Uma razão apontada pela associação informa algo importante a respeito de condenações injustas: A defesa inapropriada. Na maioria dos casos, pessoas inocentes são condenadas pelo fato de não haver o estudo do caso concreto e preparo adequado pelo advogado criminalista, falta de recursos por parte do profissional ou a intimação assertiva de testemunhas. Somado a isto, a redução do financiamento e o acesso escasso a recursos por parte dos defensores públicos e advogados nomeados pelo tribunal torna o problema ainda pior

É como se essas pessoas, independentemente ou não de serem inocentes, não merecessem ser devidamente ouvidas e ter um julgamento pautado pelo devido processo legal.
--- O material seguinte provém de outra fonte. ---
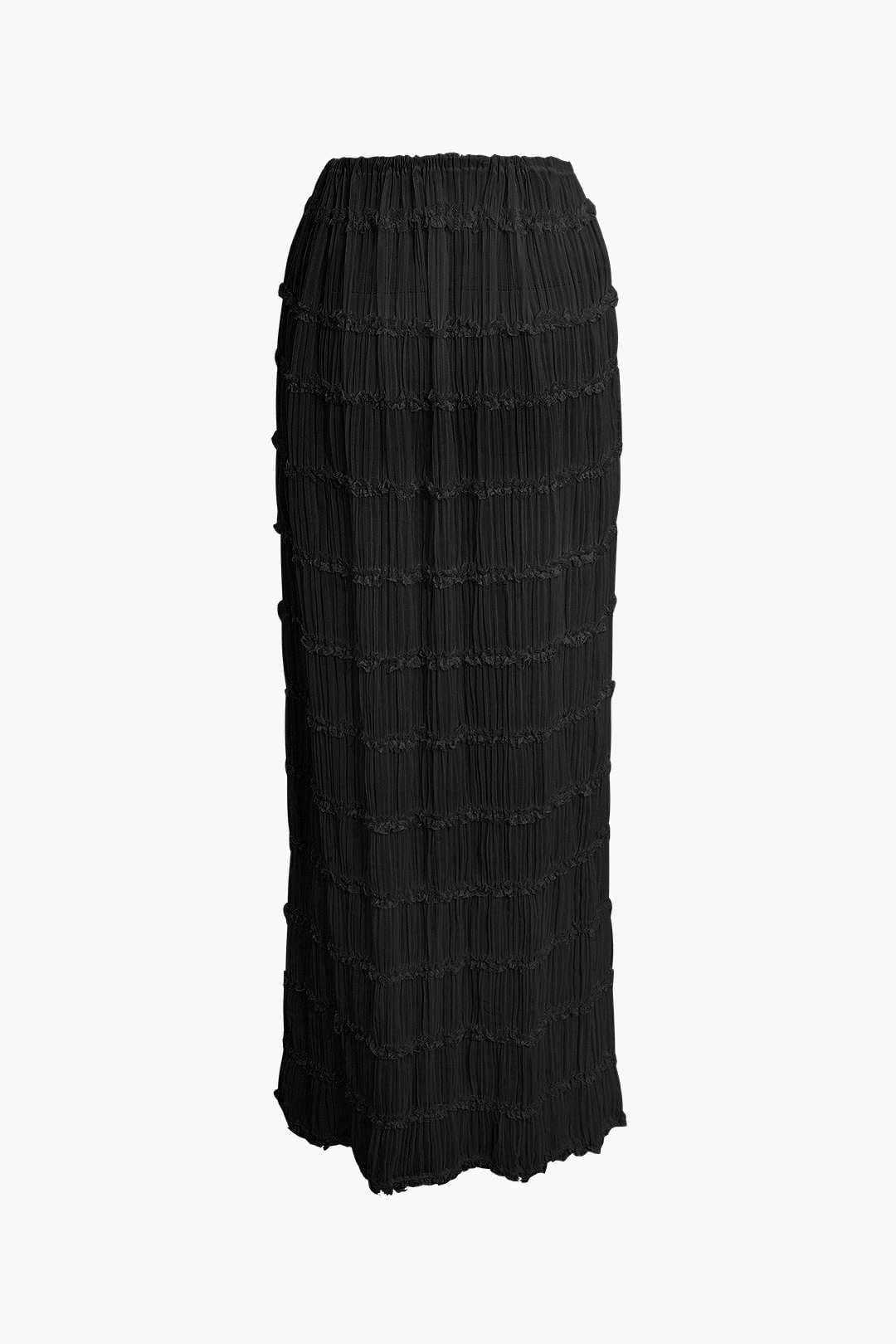 Frauen Zweiteiler Set Plissee Top Maxirock Romantisch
Em 2016 a associação surgiu no Brasil como a primeira organização criada com o propósito de ajudar pessoas inocentes que foram injustamente condenadas. Os quatros requisitos que devem ser preenchidos a fim de que o caso seja avaliado pela organização são: (i) a pessoa, de fato, não foi responsável pelo crime ao qual foi condenada; (ii) ela deve possuir, no mínimo, 05 anos de pena a cumprir; (iii) existe uma prova ou fato que pode absolver a pessoa, o qual nunca foi abordada pelo Poder Judiciário anteriormente e (iv) já deve ter ocorrido o trânsito em julgado da condenação.

O primeiro caso solucionado pelo Innocence Project Brasil ajudou a mudar o destino de Atercino Ferreira de Lima Filho, acusado de abusar sexualmente de seus dois filhos. Conforme consta na ação de indenização movida por Atercino contra a Fazenda Pública do Estado de São Paulo, o Juízo da 5ª Vara Criminal da Comarca de Guarulhos, SP, julgou procedente a pretensão punitiva, considerando como irrefutáveis as provas que comprovaram a autoria do crime. Entretanto, referidas provas baseavam-se na declaração dos dois filhos, estes ainda crianças, que, mais tarde, revelaram ter sido obrigados pela mãe –  e ex-mulher do acusado – através de maus tratos, a realizar as acusações contra seu pai.

Em um país onde não há a apuração de dados oficiais pelos órgãos competentes a respeito de condenações injustas, ter a presença de uma associação que busca a justiça e a reversão de referidas condenações através de critérios objetivos, sempre pautados na legislação vigente, é um passo essencial para abrir os olhos da sociedade e do Estado a respeito do sistema judiciário penal brasileiro e da necessidade iminente por mudanças.